According to all the insider accounts, Minnesota Gov. Tim Pawlenty was the finalist with Sarah Palin for the 2008 Republican vice presidential nod. He’s now generally considered a major player for the 2012 Republican presidential nomination. In both cases, Pawlenty’s major credential is that he doesn’t offend any significant conservative interest groups.
I’ve already written a couple of pieces suggesting that this guy is a less than a political fireball. But he really does seem to be positioning himself as the ultimate lowest-common-denominator candidate. Just today (via Matt Yglesias), I read a Tim Paw op-ed in Politico that was one of the dumbest, paint-by-the-numbers utterances on record.
This was presumably Tim’s response to the Obama budget, but it could have been written twenty or even thirty years ago, for delivery at some midwestern Lincoln Day Dinner that couldn’t attract a better speaker. Entitled “Ponzi Scheme on the Potomac,” the piece never bothers to explain its initial assertion that the federal budget is indeed anything like a “Ponzi Scheme,” and then descends into incoherent banality.
Pawlenty’s Big Idea, you see, is a constitutional amendment to require a balanced federal budget. This was a very popular idea a long, long time ago, until it became apparent that (1) it was a way for politicians to avoid talking about how, actually, the federal budget should be balanced, and (2) such an amendment would never, ever, be enacted, in no small part because it might require spending cuts and/or tax increases that a majority of politicians, and for that matter, a majority of Americans, would oppose.
Within seconds of wheeling out this antediluvian idea, Pawlenty calls for making Bush’s tax cuts permanent, and for additional tax cuts, which shows you why he favors a balanced budget only in the abstract sense of the term.
Tim Paw’s think piece wheezes to the finish line with a recitation of his proud fiscal record in Minnesota, capped by the boast that he “moved the state out of the Top 10 in tax burden.” Too bad that only 37% of Gopher State voters say they’d vote for him for president, according to a recent Rasmussen survey.

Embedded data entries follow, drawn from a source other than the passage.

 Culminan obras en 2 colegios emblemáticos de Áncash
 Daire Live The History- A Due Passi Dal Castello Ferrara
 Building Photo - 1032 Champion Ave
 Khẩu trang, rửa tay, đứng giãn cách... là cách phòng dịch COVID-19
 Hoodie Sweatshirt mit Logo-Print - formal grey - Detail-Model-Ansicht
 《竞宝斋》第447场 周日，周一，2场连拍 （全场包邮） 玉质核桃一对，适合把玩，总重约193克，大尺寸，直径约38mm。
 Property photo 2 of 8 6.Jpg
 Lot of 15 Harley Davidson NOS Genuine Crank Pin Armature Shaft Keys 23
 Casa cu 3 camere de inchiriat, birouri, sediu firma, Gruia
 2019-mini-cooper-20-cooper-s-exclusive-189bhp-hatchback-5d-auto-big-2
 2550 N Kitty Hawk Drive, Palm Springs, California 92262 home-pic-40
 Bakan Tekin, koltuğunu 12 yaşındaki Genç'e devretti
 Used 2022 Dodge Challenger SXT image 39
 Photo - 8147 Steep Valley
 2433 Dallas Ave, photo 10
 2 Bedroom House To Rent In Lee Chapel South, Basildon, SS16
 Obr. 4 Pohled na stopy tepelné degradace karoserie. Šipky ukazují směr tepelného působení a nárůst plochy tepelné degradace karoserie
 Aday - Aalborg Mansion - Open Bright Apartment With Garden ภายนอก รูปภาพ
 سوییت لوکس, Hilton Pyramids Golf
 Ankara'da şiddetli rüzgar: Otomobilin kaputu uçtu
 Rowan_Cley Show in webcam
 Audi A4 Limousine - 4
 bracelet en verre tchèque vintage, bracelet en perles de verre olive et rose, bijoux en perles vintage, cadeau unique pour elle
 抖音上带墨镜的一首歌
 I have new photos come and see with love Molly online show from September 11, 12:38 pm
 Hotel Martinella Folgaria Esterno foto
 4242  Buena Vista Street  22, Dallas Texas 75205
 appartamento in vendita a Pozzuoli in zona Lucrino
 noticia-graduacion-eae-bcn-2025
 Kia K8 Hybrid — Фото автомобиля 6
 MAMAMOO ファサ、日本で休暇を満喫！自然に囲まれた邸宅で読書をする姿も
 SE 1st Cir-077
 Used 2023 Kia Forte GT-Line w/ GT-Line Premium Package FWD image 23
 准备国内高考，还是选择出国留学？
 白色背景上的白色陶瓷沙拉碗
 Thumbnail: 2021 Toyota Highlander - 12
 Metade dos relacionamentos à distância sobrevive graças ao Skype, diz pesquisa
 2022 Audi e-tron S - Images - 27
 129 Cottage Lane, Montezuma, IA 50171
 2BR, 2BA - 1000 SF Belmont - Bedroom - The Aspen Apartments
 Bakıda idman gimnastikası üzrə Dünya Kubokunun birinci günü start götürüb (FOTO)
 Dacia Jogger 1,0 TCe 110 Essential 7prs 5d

All in all, it’s hard to imagine Pawlenty outclassing Republican rivals like Palin or Huckabee, who, whatever their other abundant demerits, are interesting people who can light up rooms full of rabid conservatives. And it’s hard to imagine this plodding pol chasing Barack Obama around the ring in a general election debate. If this is the best the GOP can offer, please bring him on.